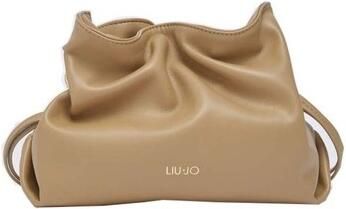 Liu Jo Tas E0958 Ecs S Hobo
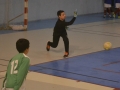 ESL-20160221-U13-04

====

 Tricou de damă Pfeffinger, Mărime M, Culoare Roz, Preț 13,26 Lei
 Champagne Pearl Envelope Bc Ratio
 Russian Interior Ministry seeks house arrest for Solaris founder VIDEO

====

▶ **Task goal**:
Using the entries above, return exactly the lines from the line with "Tricou de damă" to the line with "Russian Interior Ministry", counting both of those lines.

▶ **Solved exercise**:
 Tricou de damă Pfeffinger, Mărime M, Culoare Roz, Preț 13,26 Lei
 Champagne Pearl Envelope Bc Ratio
 Russian Interior Ministry seeks house arrest for Solaris founder VIDEO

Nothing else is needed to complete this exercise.